Artykuły
Irlandczyk w Polsce: Dlaczego Polska polegnie na EURO 2012
Autor: PEADAR DE BURCA.
Publikacja: Środa, 7 - Marzec 2012r. , godz.: 11:02
Why Poland Will Fail in Euro 2012
You want to know what I think? Poland's national soccer team will bring disgrace and ruin down on the heads of everyone in the country after their pathetic performance in Euro 2012 and Ireland...? Ireland will win the damn thing outright. A bold prediction but one I'm willing to back up by putting a sack of cash on Poland losing all three of their group games and Ireland beating Germany 1-0 in the final thanks to a Lukas Podolski own goal. Straight after I write this, I'm off to the bookies and then I'm going to book a holiday in Phuket on the strength of my potential winnings. Christ, what a chance Polish Football was given and they blew it. Everyone connected with the professional league, from the fat-bellied, Gila Monster fans to the snake-eyed business suits, knew that this was their opportunity to show the world what Poland is really like - so they did - the institutional corruption and ineptitude of the PZPN mirrors Polish society perfectly.
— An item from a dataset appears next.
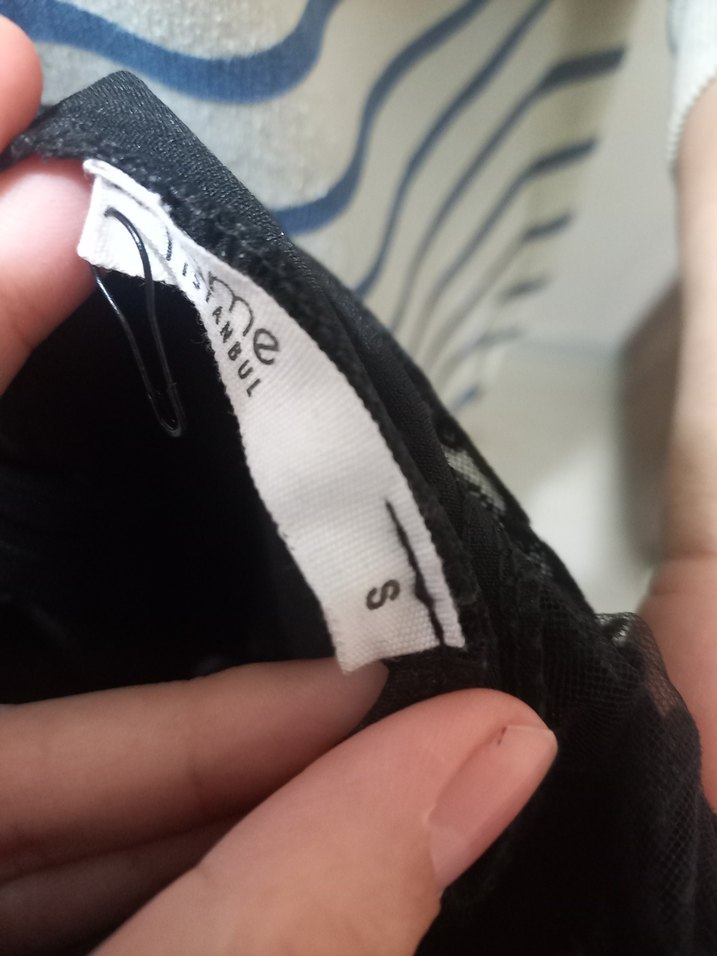 Siyah Uzun güpür detayli yırtmaçlı balık model abiye - Görsel 3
Now you have a team who are an accident waiting to happen. Just you wait for this gang of Waldecks to go one step further than their bosses, with performances so vile and terminally dull, they'll set the country back 50 years. That may be a good thing, because Polish football teams play well when in resistance. And I'm not just talking about the national sides of 1974 and '82, but the great Lodz team who narrowly lost to Juventus in '83. No-one was going to stop Juventus that year, well, except Hamburg, but this gang of bare knuckle fighters and broke-back mountain car thieves came this close to stomping on one of the giants of world football. Some say the game was fixed... but I don't believe that... that couldn't happen in a match featuring both an Italian and Polish team, could it...?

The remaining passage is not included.